**The data**

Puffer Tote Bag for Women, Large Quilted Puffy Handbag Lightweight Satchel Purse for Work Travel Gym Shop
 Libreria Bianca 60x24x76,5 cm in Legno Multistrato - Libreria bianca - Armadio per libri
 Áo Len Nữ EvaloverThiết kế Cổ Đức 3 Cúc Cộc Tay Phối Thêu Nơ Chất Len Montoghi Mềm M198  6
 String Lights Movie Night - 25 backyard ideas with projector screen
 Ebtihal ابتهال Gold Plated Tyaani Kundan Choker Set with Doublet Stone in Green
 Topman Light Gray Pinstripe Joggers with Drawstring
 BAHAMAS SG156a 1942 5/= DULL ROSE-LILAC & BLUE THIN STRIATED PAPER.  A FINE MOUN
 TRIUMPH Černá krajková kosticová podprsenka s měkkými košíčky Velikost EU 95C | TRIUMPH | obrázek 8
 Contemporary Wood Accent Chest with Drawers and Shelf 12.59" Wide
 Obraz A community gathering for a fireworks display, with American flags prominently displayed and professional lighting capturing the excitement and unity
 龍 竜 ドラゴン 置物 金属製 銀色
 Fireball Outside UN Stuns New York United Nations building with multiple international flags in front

**Aim of the task**
For each line in the listing, return it exactly as shown.

**Result**
Puffer Tote Bag for Women, Large Quilted Puffy Handbag Lightweight Satchel Purse for Work Travel Gym Shop
 Libreria Bianca 60x24x76,5 cm in Legno Multistrato - Libreria bianca - Armadio per libri
 Áo Len Nữ EvaloverThiết kế Cổ Đức 3 Cúc Cộc Tay Phối Thêu Nơ Chất Len Montoghi Mềm M198  6
 String Lights Movie Night - 25 backyard ideas with projector screen
 Ebtihal ابتهال Gold Plated Tyaani Kundan Choker Set with Doublet Stone in Green
 Topman Light Gray Pinstripe Joggers with Drawstring
 BAHAMAS SG156a 1942 5/= DULL ROSE-LILAC & BLUE THIN STRIATED PAPER.  A FINE MOUN
 TRIUMPH Černá krajková kosticová podprsenka s měkkými košíčky Velikost EU 95C | TRIUMPH | obrázek 8
 Contemporary Wood Accent Chest with Drawers and Shelf 12.59" Wide
 Obraz A community gathering for a fireworks display, with American flags prominently displayed and professional lighting capturing the excitement and unity
 龍 竜 ドラゴン 置物 金属製 銀色
 Fireball Outside UN Stuns New York United Nations building with multiple international flags in front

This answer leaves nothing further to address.